ミニ・レビュー
グラスゴーで地道に活動を続けていた彼らが、ついにシングル(7)で大ブレイク。そして念願のメジャー・デビュー・アルバムとなったのがこれだ。さまざまな表情を見せるギター・サウンドに、エレクトロニカ・テイストなビート。この音は、UKロックの新世代を象徴するものだ。
ガイドコメント
英国からまたも注目バンドが登場。本作は、切り裂くようなディストーション・ギターと繊細なポップ・サウンドが美しい4人組のメジャー・デビュー作だ。大ヒット・シングル「ラン」収録。
収録曲
01HOW TO BE DEAD
3rdアルバム『ファイナル・ストロー』のオープニング・ナンバー。Vo.ギャリー・ライトボディの優しい歌声、シンプルなギター・ポップ・サウンドとエレクトリックの融合が、幻想的な世界を創りだす。
02WOW
軽快な8ビート・ロック・ナンバー。ノイジーなヴォーカルをはじめ、ザラザラした音質が荒削り感を生み出し、曲に勢いを与えている。優しさとクールさをあわせ持つ、彼ららしさが存分に発揮されている。
03GLEAMING AUCTION
Aメロの肩の力が抜けたシャッフルから、圧倒的な音圧のサビへの方向転換が痛快な8ビート・ナンバー。全編を通して力強く刻まれるダンサブルなリズムに、体を揺らさずにはいられないだろう。
04WHATEVER'S LEFT
ノイジーなギターで始まるオルタナティヴ・ナンバー。ハードなアレンジだが、ここでもVo.ギャリー・ライトボディは優しい歌声を響かせる。両者が融合することで、スノウ・パトロール独自の世界観を生み出している。
05SPITTING GAMES
シンプルなアレンジにより生み出される疾走感が心地よい、イントロからポジティヴ感全開のギター・ロック。「必死で言葉を絞り出そうとして、あきらめる」学生の甘酸っぱく切ない心中を描いた、アンセム的ナンバーだ。
06CHOCOLATE
全編を通してキャッチーなメロディが印象的なギター・ポップ・ナンバー。Vo.ギャリーが気負うことなく優しく歌うことで、犯してしまった失敗への後悔を嘆くといった詞の切ない世界観をうまく醸し出している。
07RUN
スノウ・パトロールのブレイクのきっかけとなったナンバー。Vo.ギャリー・ライトボディが意識的に低音で歌うAメロ。そこから大きく展開するサビの高揚感は絶品。UKギター・ロックのお手本ともいえる完成度の高い名曲。
08GRAZED KNEES
アルペジオ&ヴォーカルでしっとりと聴かせるスロー・ナンバー。シンプルなアレンジゆえに、美しいメロディが引き立ち、聴く者の心に響く。スノウ・パトロールの優しさが全面に出された珠玉のナンバー。
09WAYS & MEANS
マイナー・コードを刻むシンセサイザーと力強いビートが、ダークな雰囲気を漂わせるナンバー。「つまり僕たちはみんな暗い面があるということさ」と、人間誰しもが持ち合わせている暗部との葛藤を歌う。
10TINY LITTLE FRACTURES
ノイジーなギター&クラップで始まるアッパーな8ビート・ナンバー。「僕に行ける場所はあるんだろうか」と、若さゆえの不安にあふれた詞の内容だが、ダンサブルなアレンジが楽曲をポジティヴなものにしている。

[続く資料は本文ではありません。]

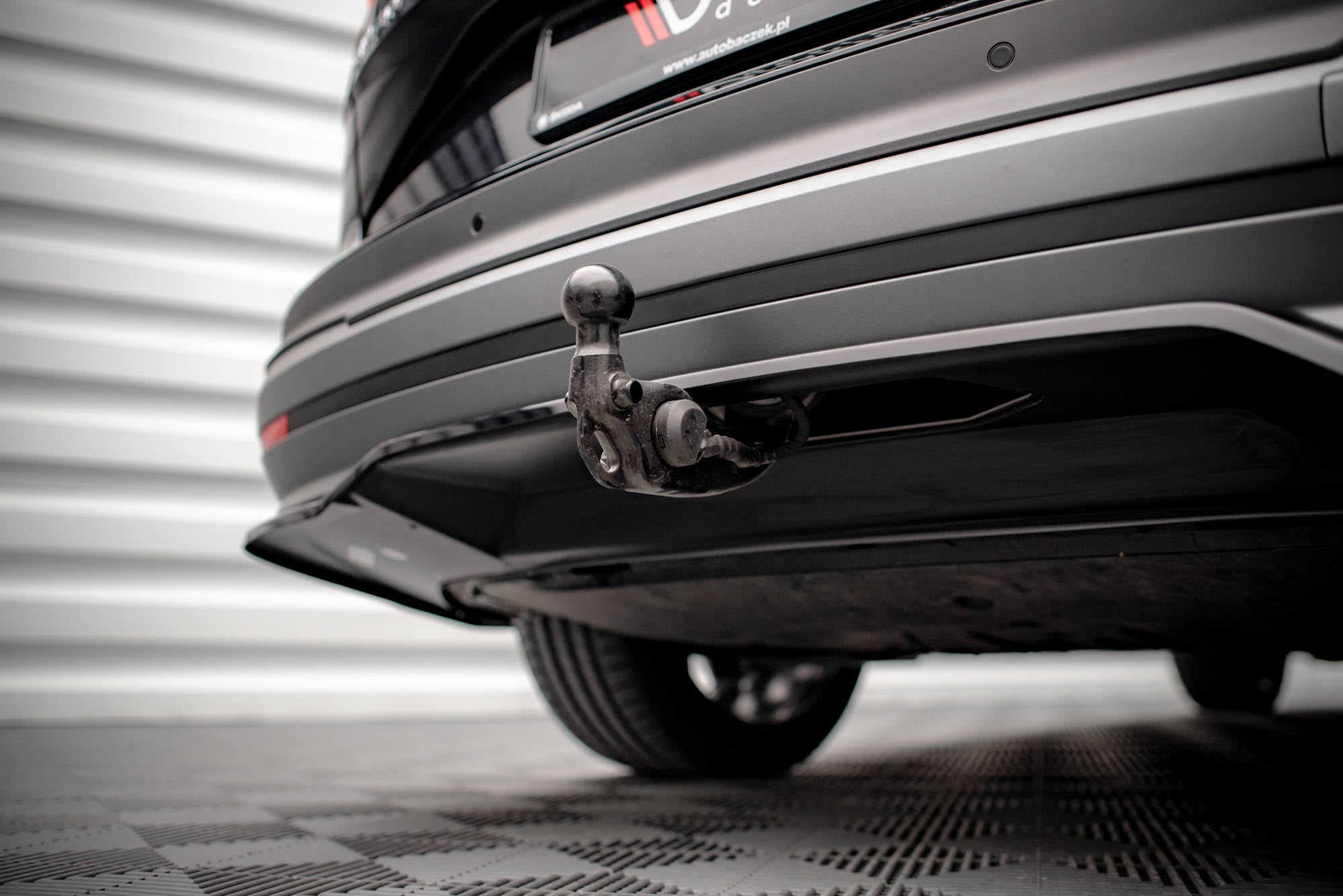Maxton Design Street+ Mittlerer Diffusor RACE passend für Skoda Enyaq iV schwarz Hochglanz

11SOMEWHERE A CLOCK IS TICKING
ギター&ドラムの変則フレーズが心地よいナンバー。Vo.ギャリーによるコーラスの、「きみに対して何でもやりかねないんだ」というささやくように紡がれるフレーズにグッとくる。静寂から一転してサビの圧倒的な音圧が曲全体を重厚なものにする。
12SAME
3rdアルバム『ファイナル・ストロー』のラスト・ナンバー。心地よいピアノが響くなか、優しい歌声で時として残酷な現実を歌う。「いつもと同じ」という言葉の向こう側に見え隠れする繊細な心情を描いた、珠玉のバラード。
13WE CAN RUN AWAY NOW THEY'RE ALL DEAD AND GONE
4コードで展開していくミディアム・ロック・ナンバー。コードの繰り返しや終始淡々としたヴォーカルだが、後半にチープなシンセのフレーズやコーラスを重ねることで、楽曲に確信めいたポジティヴィティを持たせている。
14HALF THE FUN
Vo.ギャリー・ライトボディのノイジーなヴォーカルがクールなロック・ナンバー。常軌を逸したかのようなギター・ソロも疾走感あるサウンドにぴったりとマッチし、ライヴでは盛り上がること必至だ。